Saturday, August 3, 2019

Noticing 101

The Provo City Council, Planning Commission, and other public bodies have to obey specific statutes about public meetings. That includes giving a certain amount of public notice so residents know about those meetings. 

Utah Code includes the statutes governing the notice requirements for public hearings, meetings, and other items relating to the business and proceedings of public bodies such as the Provo City Council. Public noticing is an important element in maintaining transparency and clarity in government operations and decision-making. This information is a summary of several more detailed requirements which are outlined in state statute and is not meant to supplant (replace) state code nor serve as an official legal position.
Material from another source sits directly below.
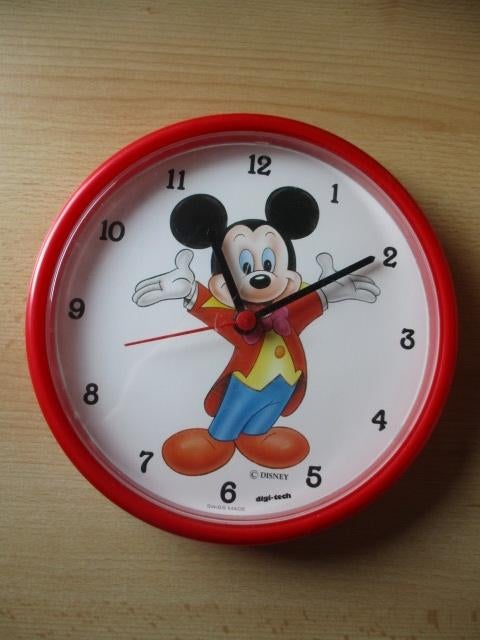 Disney Mickey Mouse kunststof klok  Digi-tech, Verzamelen, Disney, Ophalen of Verzenden, Overige figuren, Gebruikt, Beeldje of Figuurtje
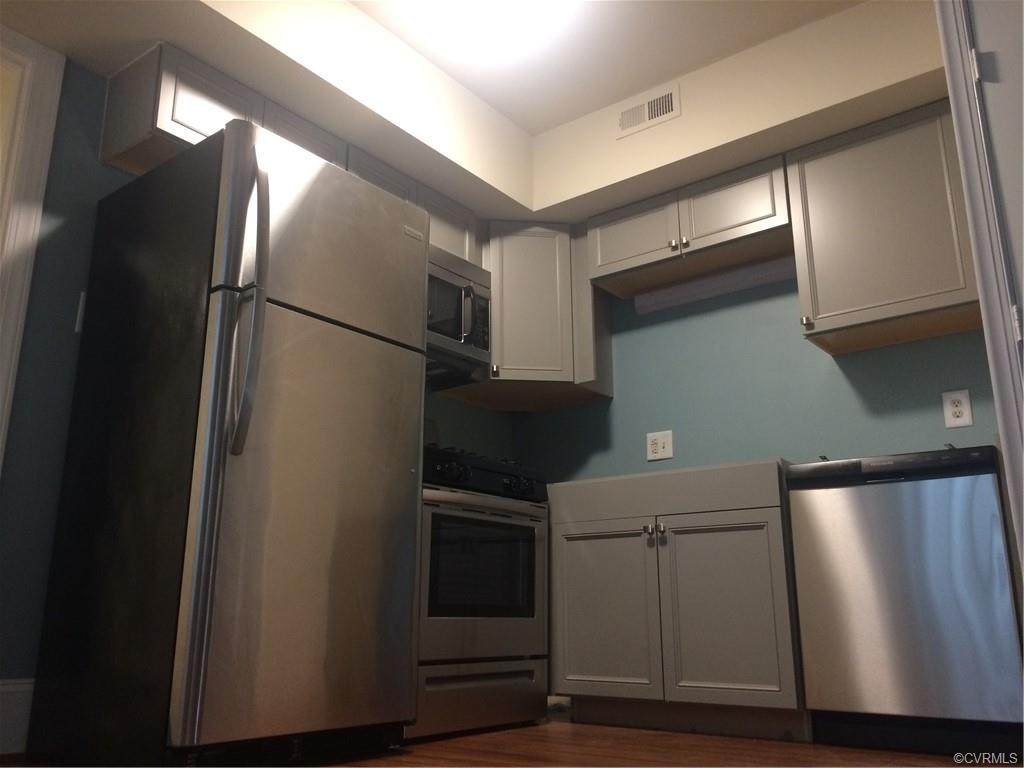 4 Auburn Avenue - Photo 1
  •  Most items and public meetings
  •  Land use items (such as a zone change, ordinance amendments to Provo City Code Titles 14 or 15, etc.)
    •    10 days’ notice for the first hearing, generally in front of the Planning Commission (Utah Code 10-9a-205) (10-9a-2 gives generally more details about various required types of notices. Many of these occur through Community Development or Public Works)
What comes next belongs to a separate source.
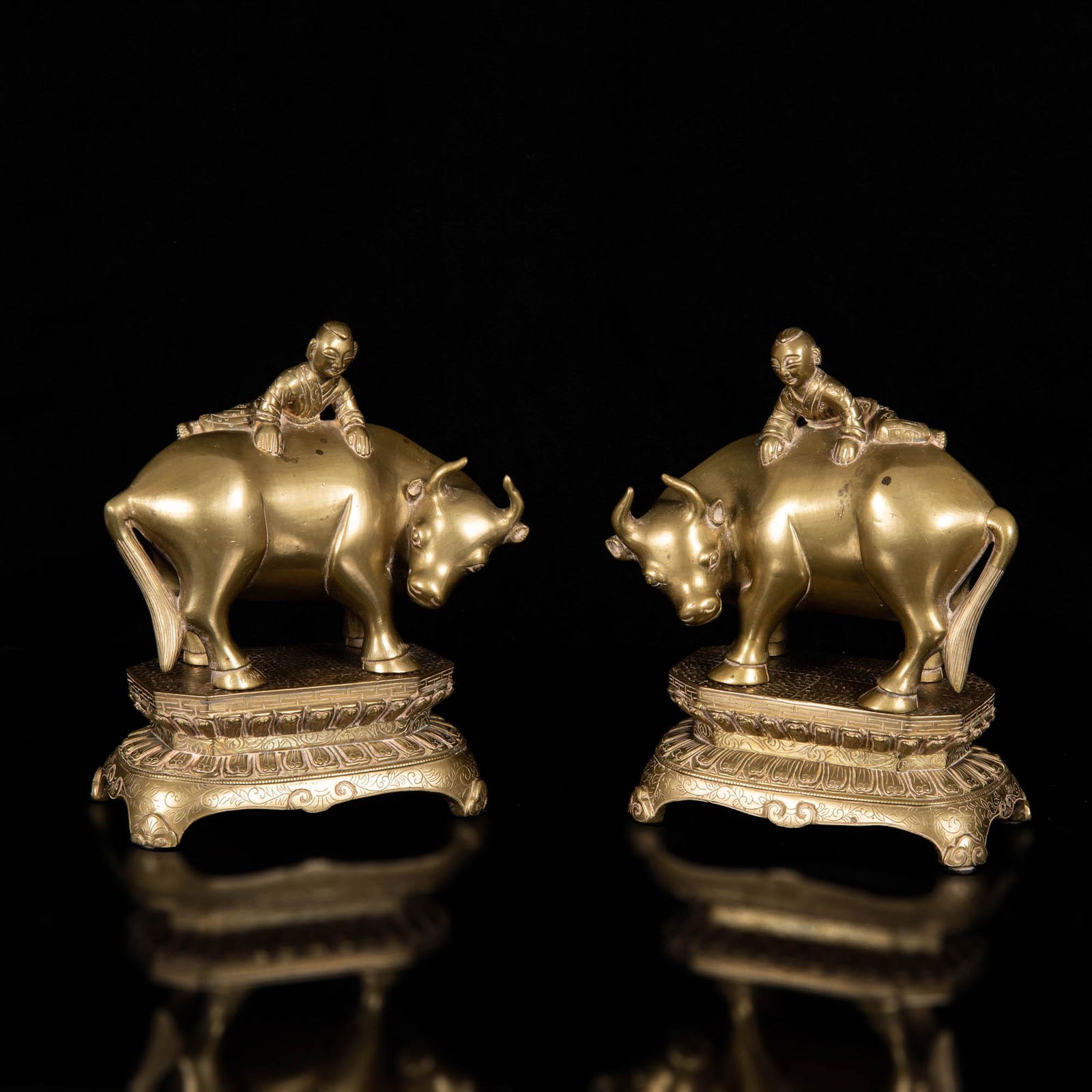 A pair of Chinese gilt-brass boys riding oxen, 19th century (1 of 9)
    •    The Council hearing is noticed simultaneously with the Planning Commission notice (Council Handbook Section 2.b.ii(2))
  •  Annexation
    •    There are different noticing requirements for various stages of the process. These are outlined in more detail in Utah Code 10-2-415.
  •  General Plan Amendments
    •    10 days’ notice (Utah Code 10-9a-204) for both Planning Commission and Council hearings
    •    The Council hearing is noticed simultaneously with the Planning Commission notice (Council Handbook Section 2.b.ii(2))
  •   Appropriation
  •   Budget
Once an item has appeared on a Council agenda, the record of the open meeting creates continuity when items are continued to a future meeting. Under the direction of the Council and Provo City Legal Department, when publicizing details of Council meetings and hearings, Council staff try to strike a balance between transparency and practicality, all while complying with the legal statutes regulating public noticing.
That last paragraph is to tell you that once an item has been noticed for a meeting, if that item gets continued to another meeting, the minutes from that meeting would serve as the "notice" that it will be heard again later.  The Summary of Action published for each meeting can be helpful in knowing which items were voted on and which ones will be coming back to the Council.